Is It Time for a National Tort Reform? 

With the Supreme Court upholding the nationwide implementation of the ACA, the topic of tort reform adoption on a national scale has been in the limelight again.

Since the 1970s, the issue of national tort reform has had several reincarnations in the country’s different legislative bodies (1). The duration of the debates and discussions are largely dependent on the interest and influence of the two major stakeholders - the insurance companies and the physicians.

Currently, 38 states have implemented various versions of tort reform, mostly centered on the caps on noneconomic damages (2).

Groups advocating for national tort reform argue that having no limits on medical malpractice financial awards, has fueled the practice of ‘defensive medicine’. This leads to costly but ineffective medical interventions and higher insurance premiums. Both consequences are cited as major contributors to the country’s spiraling healthcare expenditure (1,2). Proponents also contend that the absence of tort reform negatively affects the size and composition of the physician workforce (3). Statistics show that states with damage caps have 12% more physicians per capita than those without (4).

On the other hand, those against national tort reform claim that caps on medical malpractice lawsuits would lead to more medical errors and negligent physician practices. They also cited the lack of supporting evidence of tort reform’s favorable effect on the reduction of healthcare spending (1).

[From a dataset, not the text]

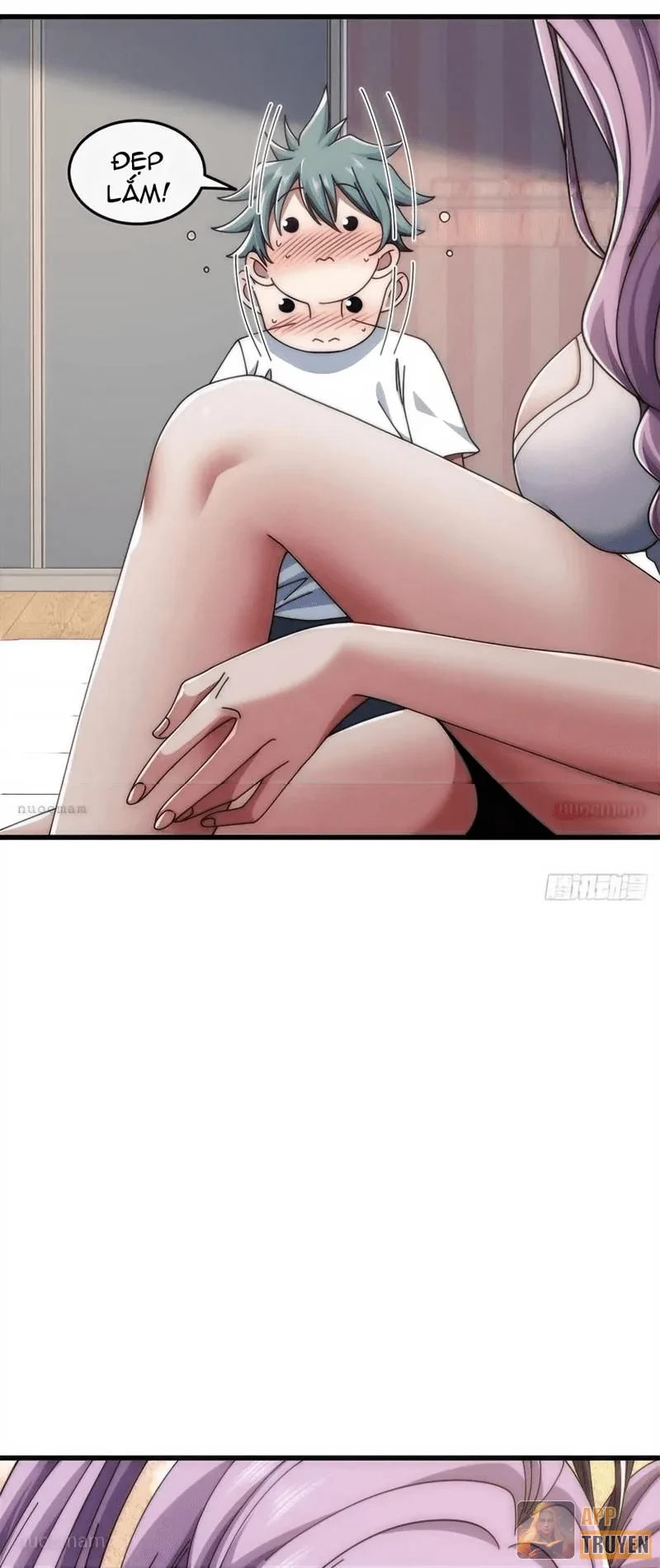 Tiến Hóa Vô Hạn Bắt Đầu Từ Con Số Không Chapter 35 - 6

Most studies on tort reform are related to healthcare spending and based on state-level enforcement. The data show that healthcare costs are only modestly affected by increases in malpractice premiums and litigation costs (3,5). The CBO estimated that if a national tort reform package was enacted, healthcare spending would be reduced by 0.5% (5). Baiker and Chandra (3), showed that state implementation of tort reform did not lead to physician shortages except for a minor reduction in some rural areas. The CBO (2009) reported that state tort reforms did not result in adverse patient health outcomes (2,5).

It is evident from these findings that there needs to be a comprehensive tort reform that does not solely focus on the cost and risk of malpractice litigation. Tort reform should be approached from a different perspective where the emphasis is on interventions that improve physicians’ efficiency, promote patient safety and reduce costs. Once studies consistently show the benefits of a multidimensional tort reform package adhering to nationally-accepted standards, then its nationwide implementation may be closer to becoming a reality.

Cielo Marie Maca, MD

Pulmonary, Critical Care and Sleep Medicine

Covering VA Medical Centers in VHA 23, VHA 16, VHA 18

References

  1. Scott B. Who benefits from tort reform?. Medical Economics. Aug. 9, 2013. Available at: http://medicaleconomics.modernmedicine.com/medical-economics/content/tags/alice-g-gosfield/who-benefits-tort-reform?page=full (Accessed July 9, 2015).
  2. Congressional Budget Office. A CBO Paper: The effects of Tort reform: Evidence from the States. June 2004. Available at: http://www.cbo.gov/sites/default/files/report_2.pdf (Accessed July 9, 2015).
  3. Baicker K, Chandra A. The effect of malpractice liability on the delivery of health care. Forum for Health Economics & Policy (Abstract) 2005;8(1). http://www.degruyter.com/view/j/fhep.2005.8.1/fhep.2005.8.1.1010/fhep.2005.8.1.1010.xml?format=INT DOI: 10.2202/1558-9544.1010 (Accessed July 10, 2015).
  4. New Physician. Which States Have Tort Reform? http://www.newphysician.com/articles/tort_reform_list.html (accessed July 10, 2015).
  5. Congressional Budget Office. Letter of the CBO to US Senator Orrin G. Hatch. Oct. 9, 2009. https://www.cbo.gov/sites/default/files/10-09-tort_reform.pdf (Accessed July 10, 2015).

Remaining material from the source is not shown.